Last week in review:
Greek banks reopened on Monday of last week, although stocks remained closed. Greece then repaid 6.8 billion euros due to the European Central Bank and the International Monetary Fund. However, liquidity problems are the still the biggest concern as banks had 40 billion euros withdrawn in the 6 months prior to banks closing. On Wednesday, the Greek parliament approved reform measures to further open the door toward negotiations of a Greek bailout. The amount of money needed for the bailout is estimated at 86 billion euros.
In terms of economic data in the US, it was a light week last week. Both existing and new home sales were better than expected and jobless claims were lower than expected.
Treasuries prices have moved higher today as stocks have experienced a large move downwards. Stocks in China lead the decline as they dropped almost 8.5% in the overnight trading hours due to poor industrial economic data.
The week ahead:
The 10 year treasury reached 2.21% this morning, nearing the low end of the range. Resistance comes in around 2.19%, with 2.13% being the bottom of the range if it goes below 2.19%. On the reverse side, if we see a sell off soon, the first support doesn’t come in until 2.50%, with the top of the range being around 2.65%.

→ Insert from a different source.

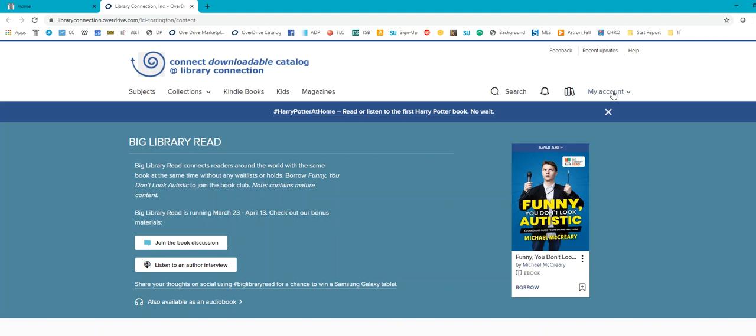Now, a lot of people ask me, how do I borrow a book that isn't on a waiting list? A lot of books through OverDrive are on a waiting list because we share this collection with so many other libraries.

For economic data, it will be a packed week. On Tuesday we have the CS home price index, as well as consumer confidence. Home prices are expected to increase by 0.30% for the month of May. On Wednesday of this week the fed will be releasing their July federal funds rate decision, but they are expected to leave the target rate at 25 bps for now. On Thursday, US GDP, weekly jobless claims, and personal consumer are coming out. GDP is expected to grow at an annualized pace of 2.5% in the second quarter. Finally, on Friday, we have the University of Michigan consumer sentiment index.